Growing awareness of the potential for traumatic experiences to be resolved in ways characterised by adaptation and growth outcomes has fuelled interest in identifying the precursors of such salutary outcomes. In their article, Julie Wilson and Joseph Boden contribute to this debate by examining how personality, social support and religious beliefs contribute to Posttraumatic Growth. In addition to shedding light on the complex pathways that can lead to growth outcomes, their discussion of the relationship between personality, the diverse facets of social support, and religious participation and spirituality and positive outcomes identifies several avenues for future research into the relationship between traumatic experience and posttraumatic growth. Armed with this knowledge, it will be possible to develop programs to facilitate peoples ability to cope with, adapt to and grow from their experience of traumatic events and disasters.
The theme of identifying how to facilitate adaptive and positive outcomes from adverse experience is continued in the next article. Here the focus turns from factors operating at the level of the individual and the social setting in which these factors influence recovery to the relationship between people and place.
When they occur, large-scale disasters, such as Hurricane Katrina and the December 26th 2004 Indian Ocean tsunami, do more than create substantial physical losses. Their impact can also threaten peoples sense of place, with the consequent loss of meaningful engagement with place constituting a secondary consequence of large scale hazard impacts.
In the context of exploring how disaster experience can disrupt peoples sense of place, Joseph Prewitt Diaz and Anjana Dayal discuss psychosocial support strategies that can be used to facilitate re-building peoples sense of place following disaster. They do so by focusing on community-based strategies that can inform the development of functional, psychological and social competencies in ways that contribute to both recovery from a specific event and the development of peoples future adaptive capacity or resilience. The latter is particularly important for communities that face the possibility of repetitive exposure to hazard events. The issues canvassed in this article will become increasingly important as societies around the world consider how to facilitate adaptation to the enduring changes that may be forced upon communities as a result of climate change processes.

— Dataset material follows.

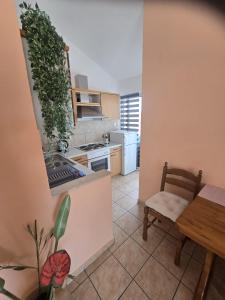 Apartments and Rooms Jasna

In the context of the latter, a key social policy objective must be to develop a sustained capacity for community and societal adaptation.
Furthermore, by contributing to the development of social capital, the strategies outlined by Prewitt Diaz and Dayal can add value to community life in ways that transcend any specific event. By developing strategies with the potential to increase the longer-term return on investment, the approach outlined by Prewitt Diaz and Dayal could also serve as a vehicle for convincing policy makers and planners of the cost-effectiveness of more comprehensive community-based intervention and the wider benefits that can accrue from providing financial and other support for such initiatives.
One way in which the future social capital of a community can be detrimentally affected by a disaster is through its consequences for future generations, with the impact of hazard experience on educational outcomes representing one such possibility. In their short communication, Teuku Tahlil and Ches Jones discuss some preliminary work on the relationship between the community impact of the 2004 tsunami and educational outcomes in Aceh.
While loss of family members did not affect university attendance, Tahlil and Jones report the possibility that levels of hazard experience, the level of fear associated with the latter, and the loss of personal possessions did. Adverse consequences for attendance did not, however, translate into poorer academic performance. Whilst their findings must remain tentative at this stage, the data reported by Tahlil and Jones raise a need to examine whether psychosocial support strategies such as those outlined in the earlier papers in this volume are operating within the university community in ways that facilitated recovery and mitigated any adverse impacts on academic performance.
Collectively, the papers that comprise this issue are indicative of the growing wealth of resources that can be drawn upon by emergency planning agencies to facilitate the adaptive capacity of the communities they serve. A corollary of the views expressed here is that not pursuing these options will have the effect of increasing peoples future vulnerability or, at the very least, losing a valuable opportunity to use a disaster as a catalyst for future development in ways that ensures that one legacy of an disaster event is a stronger, more resilient community.